U.S. Census data show that since 2000 there have been more single-adult households than those consisting of a married couple with children. Does this mean the social stigma of being single has evaporated?
Not yet. We are still a society obsessed with coupling. It’s what drives popular culture. Look at the popularity of TV shows like “The Bachelor” and “The Bachelorette” that exist to exalt the importance of finding the perfect mate. We live in a time of what I call “matrimania.” It seems even more pronounced than in the past. Back in the 1970s, Mary Tyler Moore was a symbol of the independent single woman who showed no particular interest in being married.
Does your research on discrimination suggest any misconceptions about singles?
The assumption persists that what people want more than anything else is a soul mate. A major real estate company a few years back suggested in its advertising that a single woman buyer might be more interested in a particular house because of the single man living next door than because of the features of the home. It’s a mistake to assume that single people are more concerned about getting married or remarried than anything else. My latest book, Singlism (Double Door Books, 2011), points out how stereotypes about what it means to be single have gone unrecognized and unnamed. These beliefs encompass the idea that people couldn’t possibly live joyful lives if they aren’t part of a couple.
One of the largest segments of home buyers is single women, accounting for 16 percent of sales in 2012. What should real estate practitioners keep in mind when working with unmarried clients?
If unmarried clients, men or women, say they want a house, show them a house and don’t try to talk them into a townhome or condo.
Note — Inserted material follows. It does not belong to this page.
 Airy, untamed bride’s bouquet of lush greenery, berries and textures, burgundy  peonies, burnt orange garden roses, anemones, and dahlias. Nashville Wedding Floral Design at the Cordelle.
The statistics are a wonderful indicator of how single women see themselves. They’’e not just marking time until a man comes along, storing their belongings in orange crates, and making do with hand-me-down kitchenware.
As a single woman, have you had any notable experiences working with a real estate agent?
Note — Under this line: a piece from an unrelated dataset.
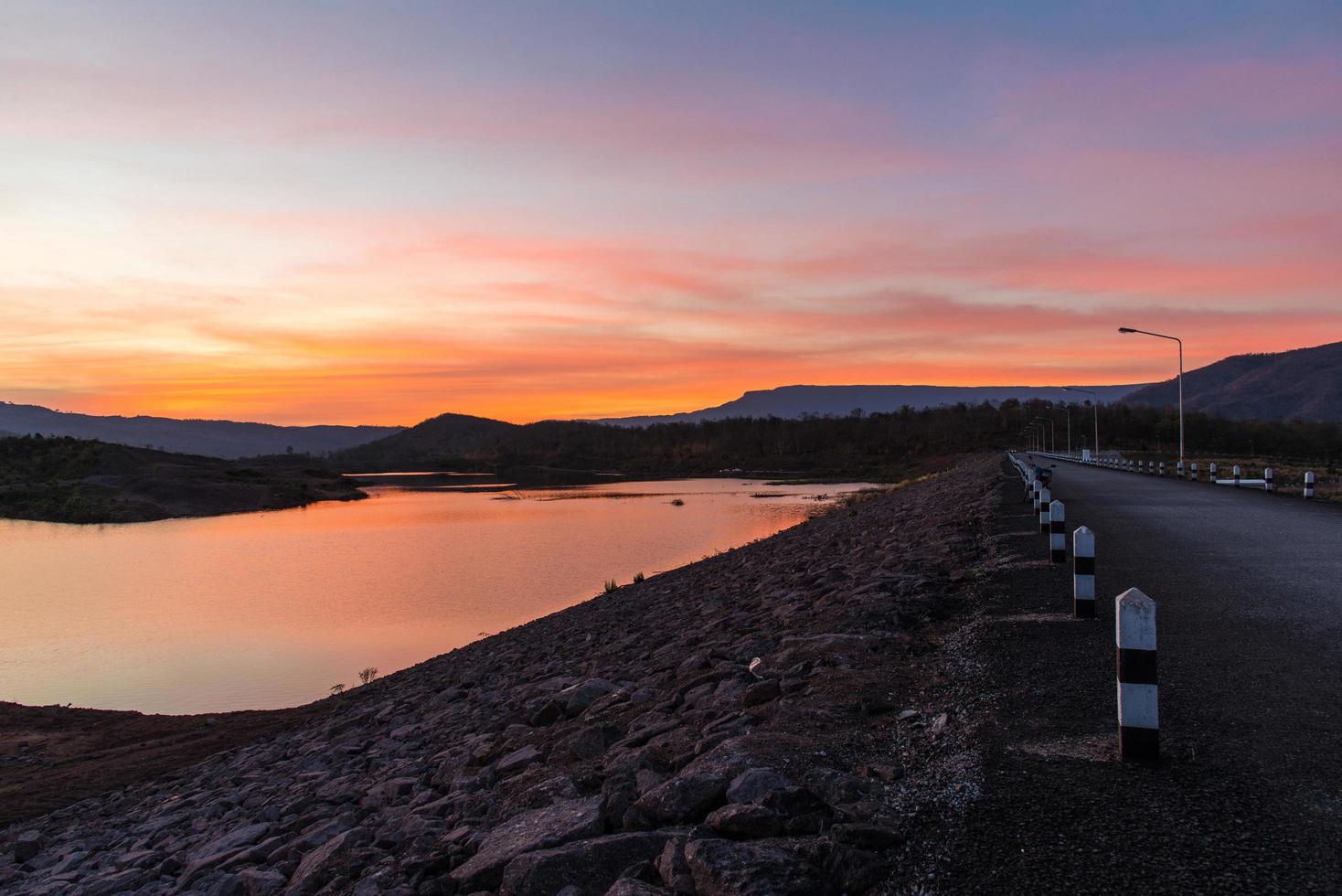 crepúsculo céu rio pôr do sol roxo e laranja cor paisagem lago noite nuvens e montanhas foto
When I was buying a home in the early 1990s in Charlottesville, Va., I was a tenured professor, but I found that agents wouldn’t take me seriously. I’d ask agents to show me the most expensive properties that fit my criteria, and they’d show me the least expensive. They were acting against their own interest. The underlying assumption is that if you’re single, you don’t need all that space.
What other housing trends reflect the new ways that people want to live?
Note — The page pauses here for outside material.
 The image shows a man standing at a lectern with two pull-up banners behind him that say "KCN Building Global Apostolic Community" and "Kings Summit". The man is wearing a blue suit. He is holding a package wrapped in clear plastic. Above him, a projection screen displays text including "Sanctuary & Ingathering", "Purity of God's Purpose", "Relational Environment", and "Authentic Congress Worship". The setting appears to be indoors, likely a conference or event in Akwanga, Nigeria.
More men and women are sharing homes with friends. These are not roommate situations or people just trying to save money. In these situations, they want to live with others they have a real connection with. These do make for more complex real estate transactions legally, so it’s especially important for these clients to consult a real estate attorney for advice on their particular situation. But fundamentally, agents should hear what these clients need and want in a home. The right mix is different for different people.